Mentoring

Mentoring experience 2

Bachelor Thesis, Justus Liebig University, FB-06 Department, 2023

Christine Huschens’ Bachelor Thesis focuses on a study of the inversion effects in the perception of faces, pareidolias, and objects in both biological and artificial networks, employing eye-tracking and DeepGaze saliency maps for comparison. The thesis covers the phenomenon of pareidolia—the tendency to perceive faces in everyday objects—and investigates how this phenomenon and face recognition are affected when images are inverted. It explores the neural processes involved in detecting faces and pareidolias, comparing human and artificial neural network responses to these stimuli. The study aims to understand the influence of image inversion on fixation patterns in humans and artificial networks, and how context (art vs. real objects) affects these patterns.

Mentoring experience 1

Master Thesis, Justus Liebig University, FB-06 Department, 2022

Samuel Sander’s Master Thesis explores the inversion effects in humans and deep neural networks, examining how orientation affects object recognition in both.
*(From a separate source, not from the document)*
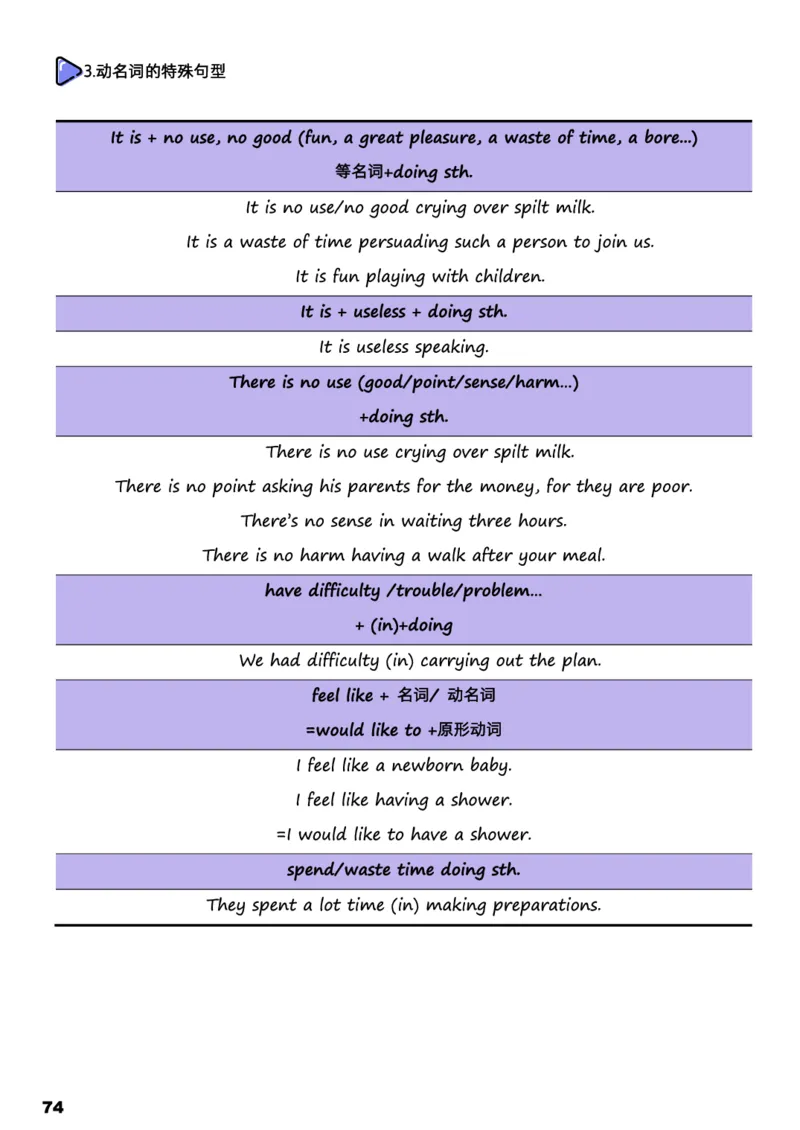 学而思1对1-高中英语知识点汇编_高中九科知识点归纳。_《高中知识点汇编》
By comparing human performance with that of deep neural networks across various visual tasks, this work seeks to understand if neural networks can predict inversion effects in humans. Through methodological approaches involving the Ecoset dataset and different network architectures, the thesis finds significant inversion effects in both humans and neural networks, suggesting similarities in classification behaviors despite differences in error distributions under increased image distortion.